Estoy diseñando unos esquemas o circuitos con valvulas (12AX7, EL34 y 5U4).
La consulta es porque en la libreria standar del CircuitMaker2000, me figura un "Vacumm tubes generico de triodo, pentodo etc." pero no las valvulas especificas.
Pero el problema mayor es que no encuentro la posibilidad de que me redibuje el circuito en un orden prolijo. Y ya para tener una respuesta excelente, si hay posibilidades de que me lo redibuje, no solo en esquema, sino que ademas en diburo armado sobre puentes con los zocalos incluidos.
Para finalizar, el Traxmaker, no me reconoce la valvula.

Gracias


----------



## aliteroid (May 27, 2007)

Le estas pidiendo demasiado, el CM2000 es un programa muy basico solo para propositos educativos, sus librerias son muy limitadas asi que no encontraras ninguna de las valvulas que necesitas las que existen son solo genericas y por lo tanto tampoco tendras su equivalente PCB. Si estas trabajando con valvulas olvidate de CM y consiguete por ejemplo Multisim, Proteus, Protel, Orcad


----------



## slash22 (May 27, 2007)

ok.
Se me complica el tema de las correcciones.... en mover o agrandar el circuito.... hay algo  que no encuentre.

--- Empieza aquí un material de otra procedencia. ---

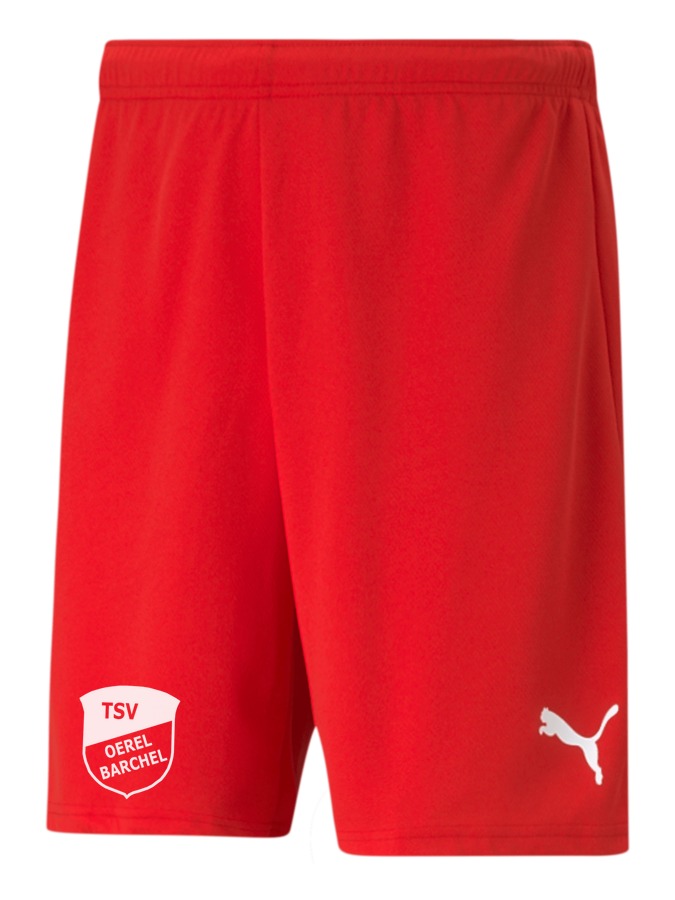 PUMA teamRISE Short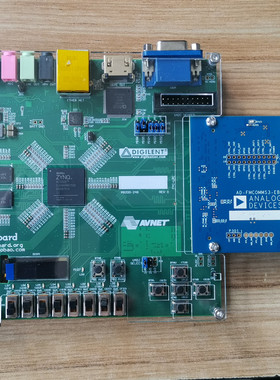 Zedboard+AD9361 软件无线电  FMCOMMS3 SDR平台 OPENWIFI 手把手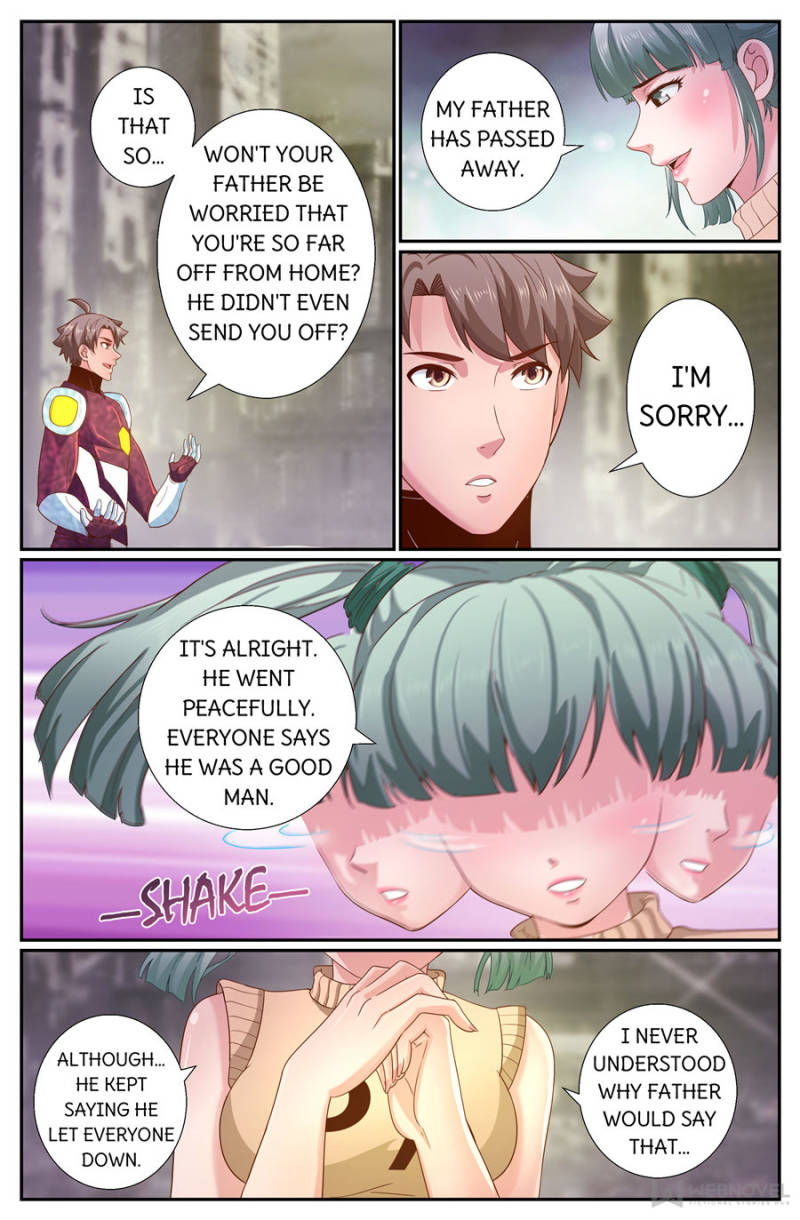 I Have a Mansion In The Post-Apocalyptic World Chapter 224 - Page 2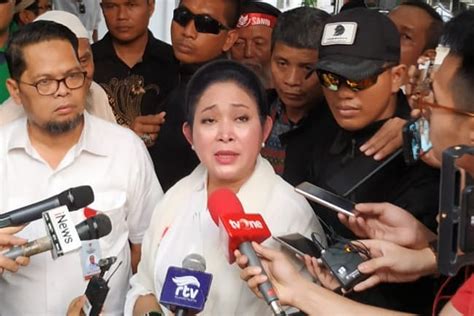 Prabowo Resmi Lantik Titiek Suharto Dan Iwan Bule Jadi Wakil Ketua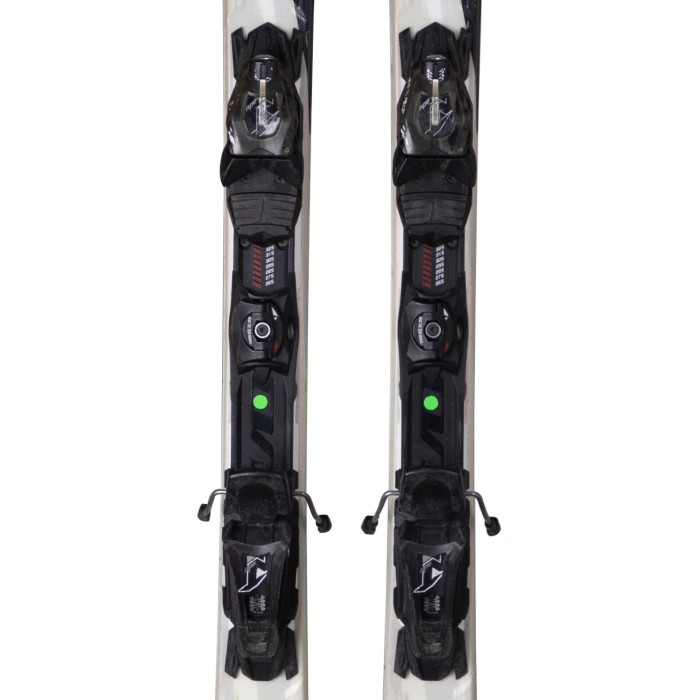 Esquí Nordica Transfire RTX + fijaciones - Calidad B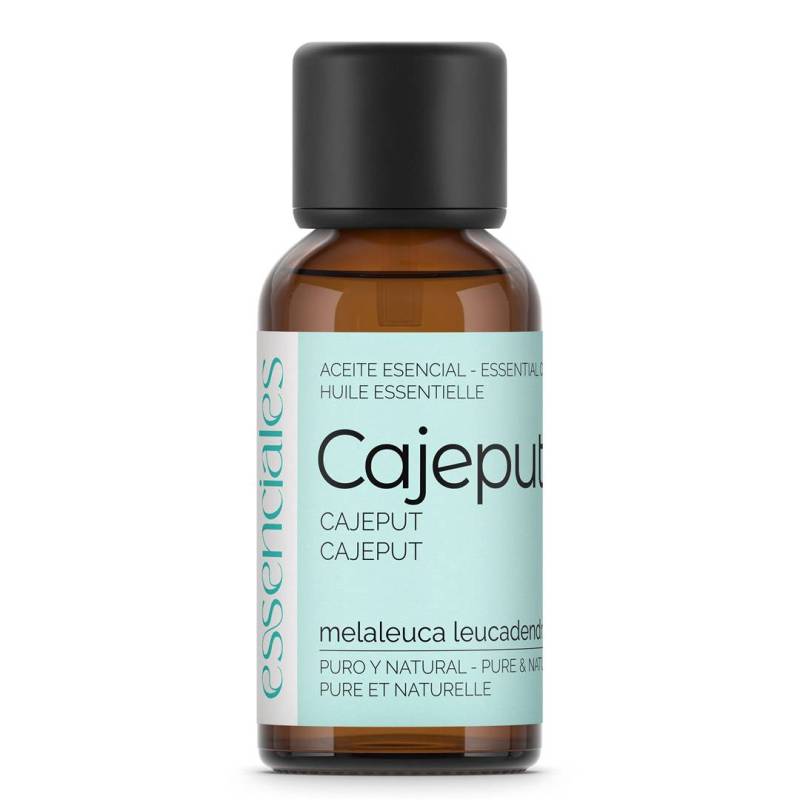 Cajeput Essential Oil, Pure & natural, inlcudes pipette dropper, 30ml.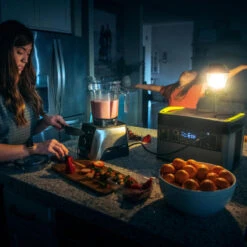 Goal Zero Yeti 1500X Station D'alimentation Portable -Camping En Plein Air Boutique goal zero yeti 1500x station dalimentation portable 4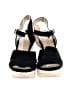 MICHAEL Michael Kors Black Wedges Size 8 - photo 2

Tendre en cuenta algunos de esos softs. ¿alguno de esos en español?

gracias


----------



## aliteroid (May 28, 2007)

Todos en ingles pero solo necesitas saber terminos tecnicos son programas muy faciles de usar y todos se utilizan los mismos terminos te recomiendo Multisim 10


----------



## slash22 (May 28, 2007)

Perdon las preguntas densas...

Los archivos de los distintos softs ¿son compatibles? ¿las librerias?
Ahi si tengo las valvulas diferenciadas?

1000 gracias

gonzalo


----------